[Exercise aim]
Please keep pictures out of the copy, and print exactly the lines from the one containing "kitchen with white" through the end of the records.
*** Supplied records Section Begins ***
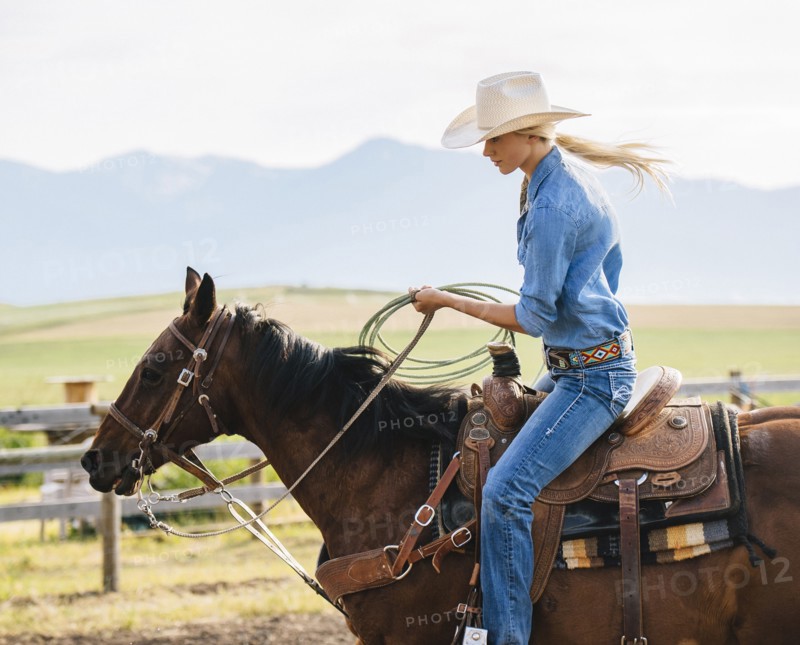 Caucasian cowgirl holding lasso on horseback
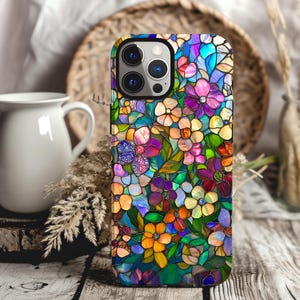 May include: A colorful phone case with a stained glass design featuring a variety of flowers in shades of pink, purple, blue, yellow, and green.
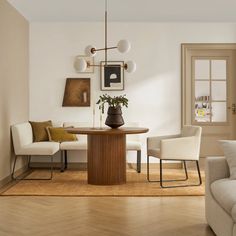 a dining room table with chairs and a couch in front of it, next to a window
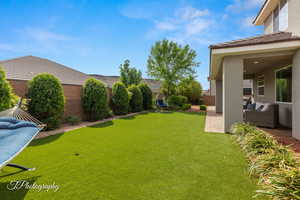 View of yard with a fenced backyard, an outdoor living space, and a patio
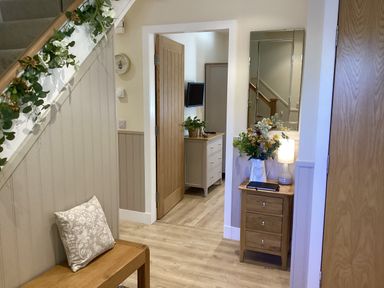 A hallway with a staircase and furniture at Larchwood Lodge in Ellon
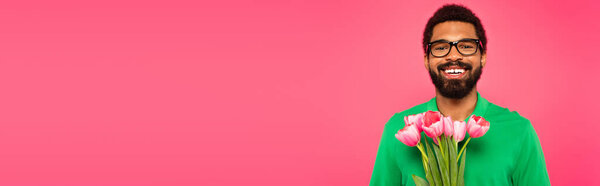 веселый африканский американец в очках и зеленой рубашке в поло с тюльпанами, изолированными на розовом, баннер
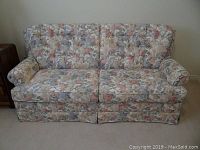 Front view of double size sofa bed in floral patterned upholstery showing two back cushions and two seat cushions with minor fabric fading.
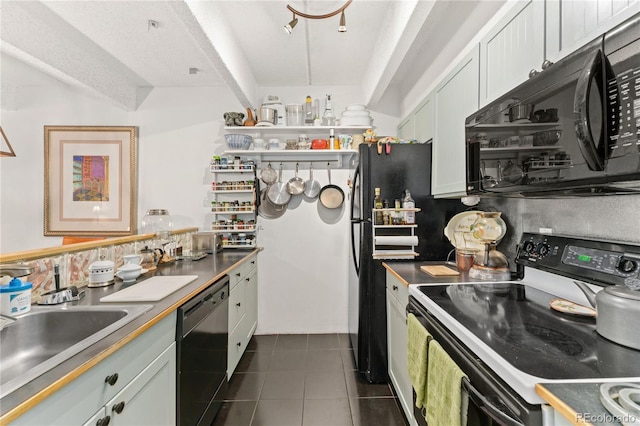 kitchen with white cabinetry, tasteful backsplash, dark tile patterned flooring, black appliances, and a textured ceiling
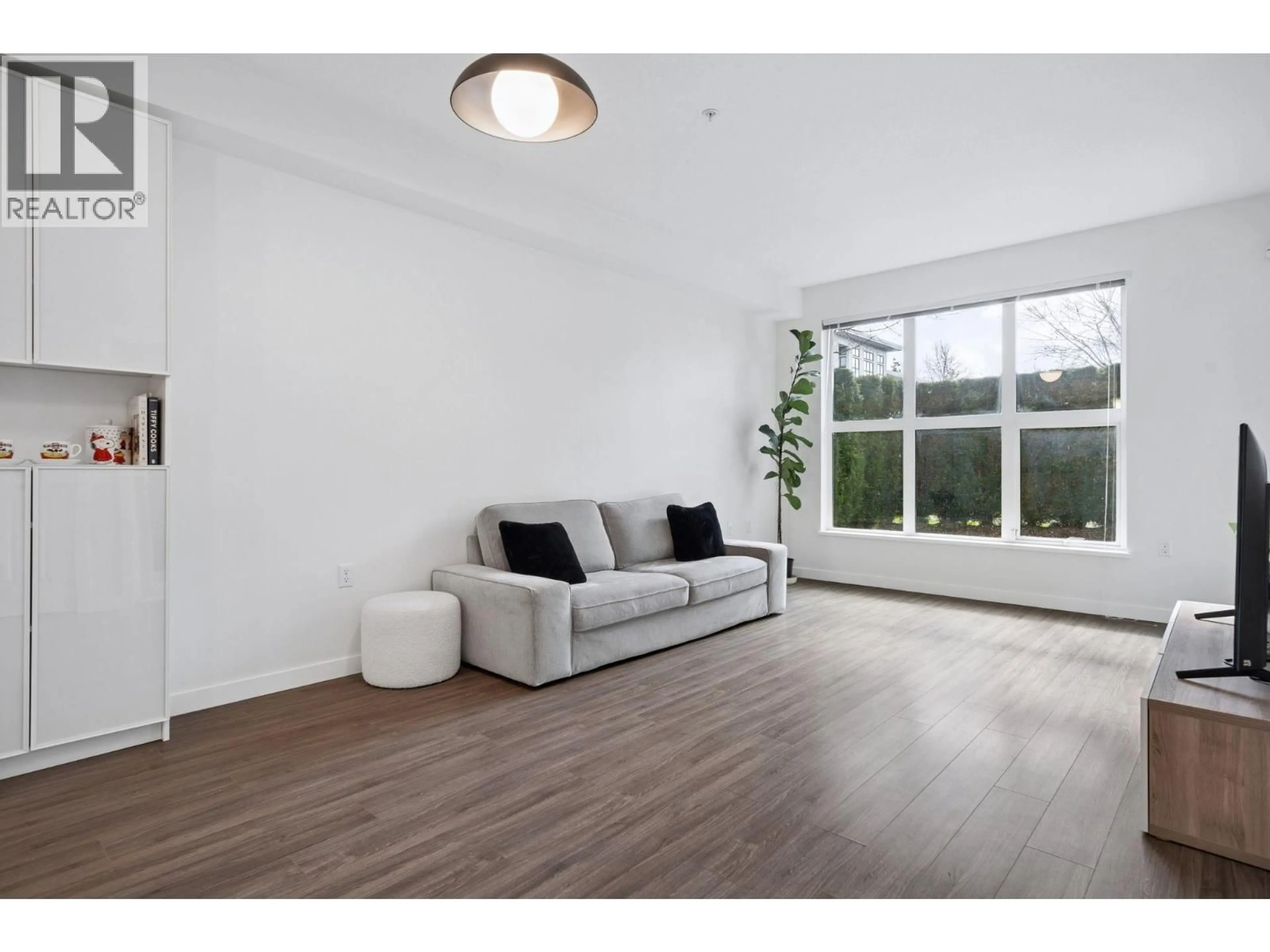 Living room with furniture, wood/laminate floor for 121 - 9500 TOMICKI AVENUE, Richmond British Columbia V6X0R9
*** Supplied records Section Ends ***
[The answer]
 kitchen with white cabinetry, tasteful backsplash, dark tile patterned flooring, black appliances, and a textured ceiling
 Living room with furniture, wood/laminate floor for 121 - 9500 TOMICKI AVENUE, Richmond British Columbia V6X0R9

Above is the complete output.